#### TASK DETAILS
Nothing in the records may change. Output them all exactly.

━━ MATERIAL SUPPLIED

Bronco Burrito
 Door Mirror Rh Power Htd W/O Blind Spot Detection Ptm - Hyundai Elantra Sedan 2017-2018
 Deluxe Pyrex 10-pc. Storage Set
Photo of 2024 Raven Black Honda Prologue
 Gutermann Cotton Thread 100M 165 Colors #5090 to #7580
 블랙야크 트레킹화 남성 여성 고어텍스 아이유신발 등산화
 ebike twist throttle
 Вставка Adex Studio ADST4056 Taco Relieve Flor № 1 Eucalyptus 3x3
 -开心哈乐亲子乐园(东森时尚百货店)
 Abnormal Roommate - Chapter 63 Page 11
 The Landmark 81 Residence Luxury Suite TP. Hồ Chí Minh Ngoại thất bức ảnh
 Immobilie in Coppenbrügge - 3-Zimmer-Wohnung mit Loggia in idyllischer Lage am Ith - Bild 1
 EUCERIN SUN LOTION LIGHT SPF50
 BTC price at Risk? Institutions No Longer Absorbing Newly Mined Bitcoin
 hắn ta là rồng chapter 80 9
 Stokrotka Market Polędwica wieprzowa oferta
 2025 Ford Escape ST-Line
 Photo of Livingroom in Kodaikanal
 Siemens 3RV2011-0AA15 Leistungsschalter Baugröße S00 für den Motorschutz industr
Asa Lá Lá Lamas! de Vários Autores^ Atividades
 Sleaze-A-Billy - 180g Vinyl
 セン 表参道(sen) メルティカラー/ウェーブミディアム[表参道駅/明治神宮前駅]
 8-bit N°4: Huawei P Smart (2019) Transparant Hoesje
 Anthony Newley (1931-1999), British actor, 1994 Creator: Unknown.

━━━━

#### ANSWER SECTION
Bronco Burrito
 Door Mirror Rh Power Htd W/O Blind Spot Detection Ptm - Hyundai Elantra Sedan 2017-2018
 Deluxe Pyrex 10-pc. Storage Set
Photo of 2024 Raven Black Honda Prologue
 Gutermann Cotton Thread 100M 165 Colors #5090 to #7580
 블랙야크 트레킹화 남성 여성 고어텍스 아이유신발 등산화
 ebike twist throttle
 Вставка Adex Studio ADST4056 Taco Relieve Flor № 1 Eucalyptus 3x3
 -开心哈乐亲子乐园(东森时尚百货店)
 Abnormal Roommate - Chapter 63 Page 11
 The Landmark 81 Residence Luxury Suite TP. Hồ Chí Minh Ngoại thất bức ảnh
 Immobilie in Coppenbrügge - 3-Zimmer-Wohnung mit Loggia in idyllischer Lage am Ith - Bild 1
 EUCERIN SUN LOTION LIGHT SPF50
 BTC price at Risk? Institutions No Longer Absorbing Newly Mined Bitcoin
 hắn ta là rồng chapter 80 9
 Stokrotka Market Polędwica wieprzowa oferta
 2025 Ford Escape ST-Line
 Photo of Livingroom in Kodaikanal
 Siemens 3RV2011-0AA15 Leistungsschalter Baugröße S00 für den Motorschutz industr
Asa Lá Lá Lamas! de Vários Autores^ Atividades
 Sleaze-A-Billy - 180g Vinyl
 セン 表参道(sen) メルティカラー/ウェーブミディアム[表参道駅/明治神宮前駅]
 8-bit N°4: Huawei P Smart (2019) Transparant Hoesje
 Anthony Newley (1931-1999), British actor, 1994 Creator: Unknown.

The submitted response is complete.